Only later did I learn these were irradiating activities.
This is no joke. I experienced the same in the 1980's. 1st time it happened to me, I thought an earthquake was happening. Everyone around me didn't give it a second thought.
I grew up close enough that I wouldn't be surprise if I glow at night. It's a joke - I hope.
The meltdown comes up every few years. It's a big deal yet we live our lives as if nothing happened. I don't know what to think.
Forbidding staff from warning their families about contamination was typical evil.
There is never any expectation that any nuke project will do better, absent strict regulation and rigorous enforcement. It is why the public is very sensibly sour on nukes.
But the only thing stopping more of it, today, is that they cost way more than alternatives. Always did, but it is harder now to paper over.
This wasn't "the nuke industry". It was a government testing lab. No member of the public has been harmed by actual commercial nuclear power plants. All of the dicey stuff (and there was a lot more of it than just this) was done by the government.
> There is never any expectation that any nuke project will do better, absent strict regulation and rigorous enforcement
So you want the government that set this testing lab up to do the regulation and enforcement?
How many folks died from cancer as a result? I personally have known quite a few, but hard to say definitively.

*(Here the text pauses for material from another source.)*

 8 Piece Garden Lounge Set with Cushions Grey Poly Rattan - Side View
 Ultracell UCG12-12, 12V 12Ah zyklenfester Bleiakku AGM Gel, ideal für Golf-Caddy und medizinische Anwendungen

Its most reliable product was dishonestly, from day one.
The reactor type they were testing there is actually super interesting. It was a liquid metal cooled reactor (LMR) with slow neutrons. We have made lots of fast-neutron LMRs, but only a tiny handful of slow-neutron LMRs. They're interesting because they get the neutronics efficiencies of slow neutrons (e.g. they can start up and operate with very low enriched uranium) while also getting the benefits of cooling with liquid metal (low-pressure passive safety, high temperature heat, low corrosion, single phase flow).
It's my favorite reactor type actually. The SRE in LA was the prototype for the Hallam reactor in Nebraska.
They don't say what basis was used for the estimate. Age estimates are almost always a lower bound, except where some radiocarbon date can be established, rare for rocks.
We know hominins were in the region 130,000 years ago, based on a butchered mastodon (with major bones split for marrow) found near San Diego. Nobody knows what species, or if they left descendants into the present.
This shit was supposed to be cleaned up 5 years ago.